When you love your dog, watching them get stressed out and restless can feel heartbreaking. You’re likely eagerly awaiting the day that science affords us with the capability to ask them what’s bothering them so we can respond appropriately. Until then, management of the situation involves trial, error, and reading cues. 

There are plenty of products on the market that bill themselves as calming products for pets. Everything from dog shirts to ambient noise machines to pet beds exists in some calming variant that promises to help your dog relax. 

But just how effective are these products? More importantly, are they even the right solution to the issue?

What Is a Calming Dog Bed?

Calming dog beds are very comfortable dog beds designed to mimic the experience of burrowing. They often have high walls, designed to box your dog into a cozy fortress. 

The simplest explanation for a calming dog bed is that it’s a dog bed designed to be vastly more comfortable than your standard run-of-the-mill dog bed. 

How Do Calming Dog Beds Work?

Calming dog beds don’t necessarily have any special properties that make your pet calmer.
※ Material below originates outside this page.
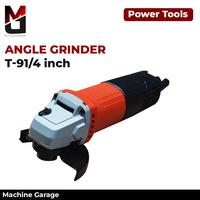 Gambar Mesin Gerinda Tangan Angle Grinder GB T-91 4inch dari MACHINE GARAGE Kota Medan 2 Tokopedia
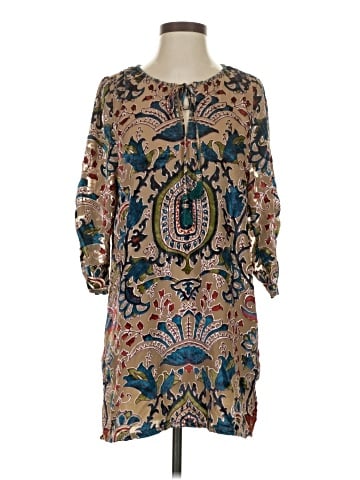Tolani Casual Dress (view 1)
They work in a very pragmatic way. When you’re stressed out, think about how good it feels to slip into your favorite pajamas and tuck yourself into bed to watch your favorite show. A calming dog bed is the canine equivalent of the same experience of an anxiety blanket or a fluffy comforter. 

Most calming dog beds offer better support to joints, which is especially helpful for older dogs and dogs with canine arthritis. They need a place to lay comfortably and find relief from their aches and pains. 
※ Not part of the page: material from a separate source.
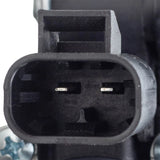 Window Regulator with Motor For 2000-2005 Impala Front Set 15240529 GM1351135 1552-6155LR - product image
Some calming dog beds even have heating features. If your home is very cold in the winter, a heated dog bed can keep your dog cozy enough to sleep through the night. 

Should I Get a Calming Dog Bed?

A calming dog bed is a good addition to any household with a pet. All dogs should have a comfortable place to lay where they feel secure. Most dogs don’t have their own bedrooms, but they crave the same sense of security that comes from a personal zen space. Your dog may treat their calming bed like a reprieve, even if they don’t have any issues with emotional tension. 

Is a Calming Dog Bed the Right Solution?

There’s absolutely nothing wrong with giving your dog a comfortable place to lay. In fact, it’s something you undoubtedly should be doing. Sleeping on the hard floor isn’t good for any animal, and senior dogs may wake up sore from the discomfort

While a calming dog bed may be functionally useful, it’s not always the best solution. It won’t address the underlying source of your dog’s stress or discomfort. It simply gives them a designated place to calm down, and that only works if they choose to use it. 

Stressed or uncomfortable dogs may not want to lay down. They may prefer to pace or hide. They may look out the window and try to find the source of the noise they don’t like. You can’t control or predict how they’ll feel inclined to use their calming bed.

In short: It’s nice to have a calming dog bed in the house, but you need to modulate your expectations about exactly how helpful that bed will be and what it’s capable of doing. 

How Can I Calm My Dog Down?

While a calming dog bed is an excellent comfort object, it doesn’t work to address stress or emotional tension at the source. In some cases, a calming dog bed is an underwhelming solution to a significant state of emotional distress. It’s best not to assume the solution will be simple, especially if your dog’s behavior has radically shifted with no clearly identifiable cause. Talk to your vet about comprehensive ways to address your dog’s emotional state. 

Medical or Behavioral Intervention

If your dog has separation anxiety, a calming dog bed is merely a small part of a larger solution. Dogs with separation anxiety require behavioral intervention and, sometimes, medication to help them cope with the feelings they’re experiencing. These feelings are just as real to a dog as they are to a person, and it’s important that a dog receives the same quality of care that a human in a similar situation would. 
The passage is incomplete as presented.